All the Reveillon menus can be perused here. We’ll feature one every day throughout the Reveillon season, which runs in most of the Reveillon restaurants until December 31.The snowflake ratings are for the Reveillon menu, not the restaurant in general. Dishes marked with the snowflake symbol ✽ are my recommendations.

Sunday, December 6, 2015.
Grueling Routine For A Sunday.

Aside from singing at St. Jane’s, taking a five-lap walk around the Cool Water Ranch, working on the NOMenu website’s never-ending need for minor adjustments, and assembling my

new desk chair (it took much longer than I would have imagined) I did nothing else.

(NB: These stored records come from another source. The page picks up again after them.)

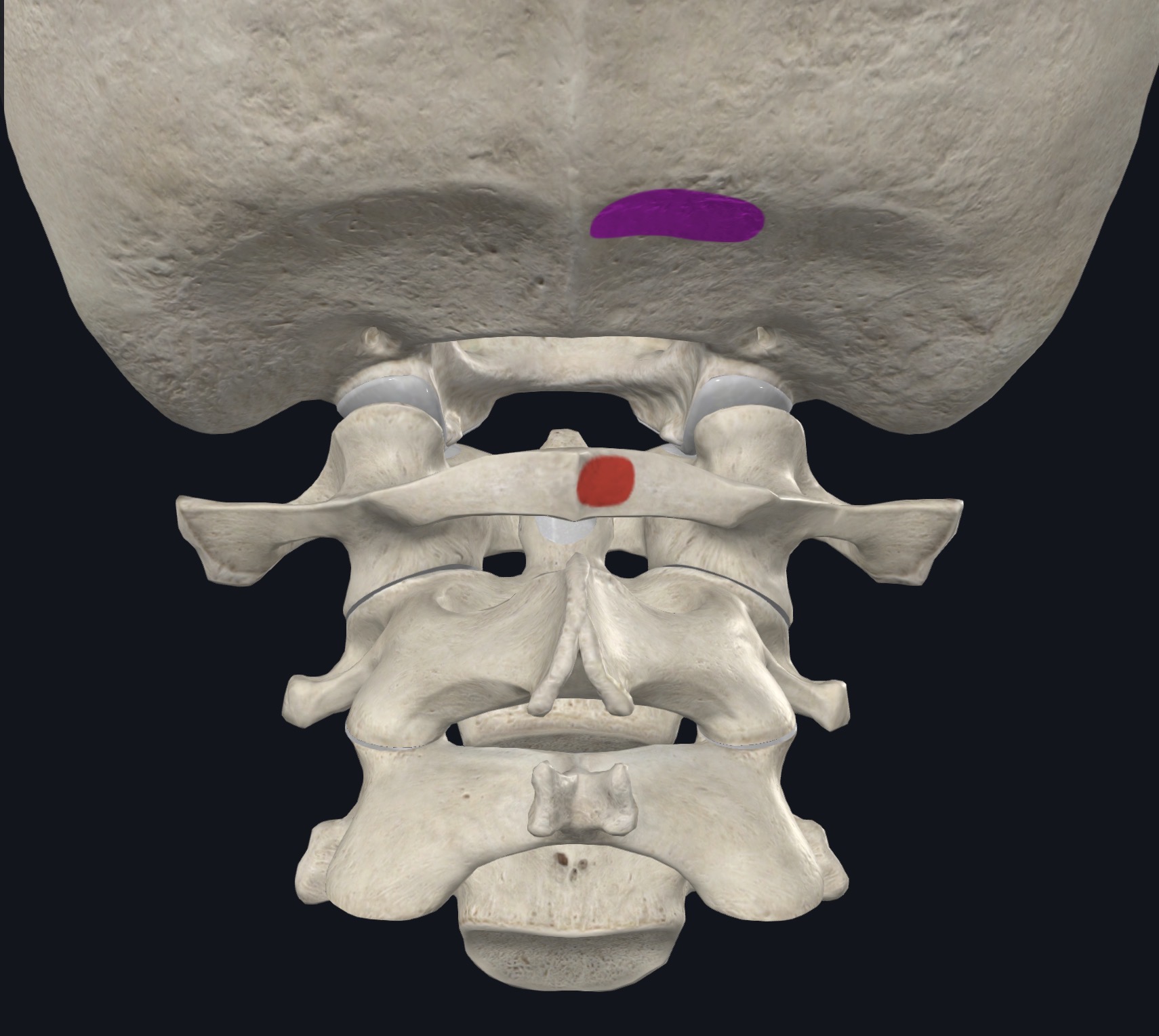 <p>Medial portion of occipital bone below inferior nuchal line </p>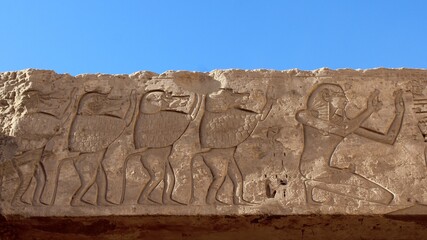 Monkey carvings on the wall of Habu temple in Luxor in Egypt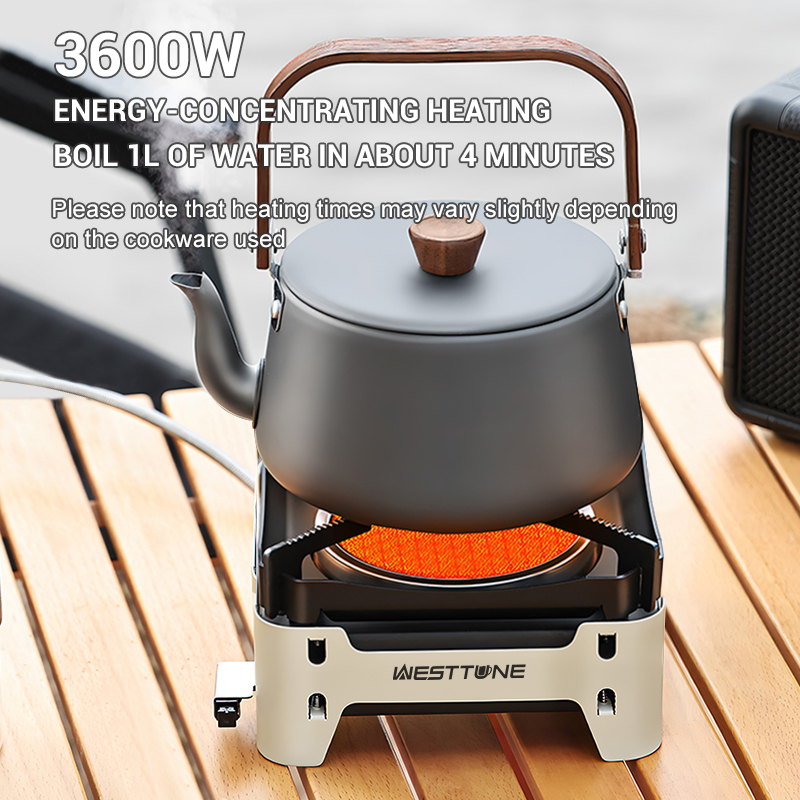 WESTTUNE Outdoor Infrared Comb - Kitchen Appliances Gas Stove recensione e prezzo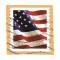 SUA (17) - U.S. Flag, 2017, obliterata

Breakfast was my usual satsumas (while they’re still in season), toast and café au lait. My dinner was a ham sandwich. Even restaurant critics take time off the delightful plumbing of the food beat. Mary Ann spent most of the day at a birthday party for the her niece’s baby.

Speaking of babies, Jude sent me a photograph of his and his wife’s newborn son Jackson that makes it look as if Jackson were taking his first selfie. (It was not a setup.) I’d publish it here, but Jude has forbidden my posting photographs of Jackson. I will say that this has nothing to do with my grandson’s looks, which are almost identical to the pix I took of Jude when he was two weeks old. Anyway, we show the picture to everyone who passes by. We are as proud as we are charmed.

Monday, December 7, 2015.
A Birthday, And Don’t I Forget It!

Mary Ann’s birthday takes on a much less festive deportment than last year’s. That one was a true festival, with Jude flying in and Daniel the Gourmet Cellist performing and the main party. But this year the count of years is a prime number, and less prone to major celebration. It seems like mere confirmation of the bad news last year at this time.

Yesterday she told me that she liked the idea of going to the Windsor Court for their new lunch special. She heard a man call the radio show and rave about this new addition to the Grill Rooms offerings. The twenty-dollar price and the somewhat home-cookery quality of most of the dishes make it more appealing still.

So rare is is such a specific wish from Mary Ann that I sign on without hesitation, even though it will goober up my day. But everything was gong fine until Mary Leigh called me to check in. She told me in no uncertain terms that I have not called her often enough in the first two weeks of her new home in Virginia. I try to make up for that by staying on the horn for a half hour. As soon as I put the phone down, in came another long communication from Jude. And as soon as both of those calls played out, Jude and ML each were on the line with Mary Ann for their Happy Birthday wishes.

This made us an hour late for the Windsor Court reservation. Which meant that I would not be able to get back home in time for the radio show (I would walk the two blocks from the hotel to the radio station and broadcast from there.) And that meant that I would be at least a half-hour late for the second-to-last rehearsal of NPAS’s Christmas concert this weekend. But I would be a fool if I did not focus entirely on Mary Ann on this day.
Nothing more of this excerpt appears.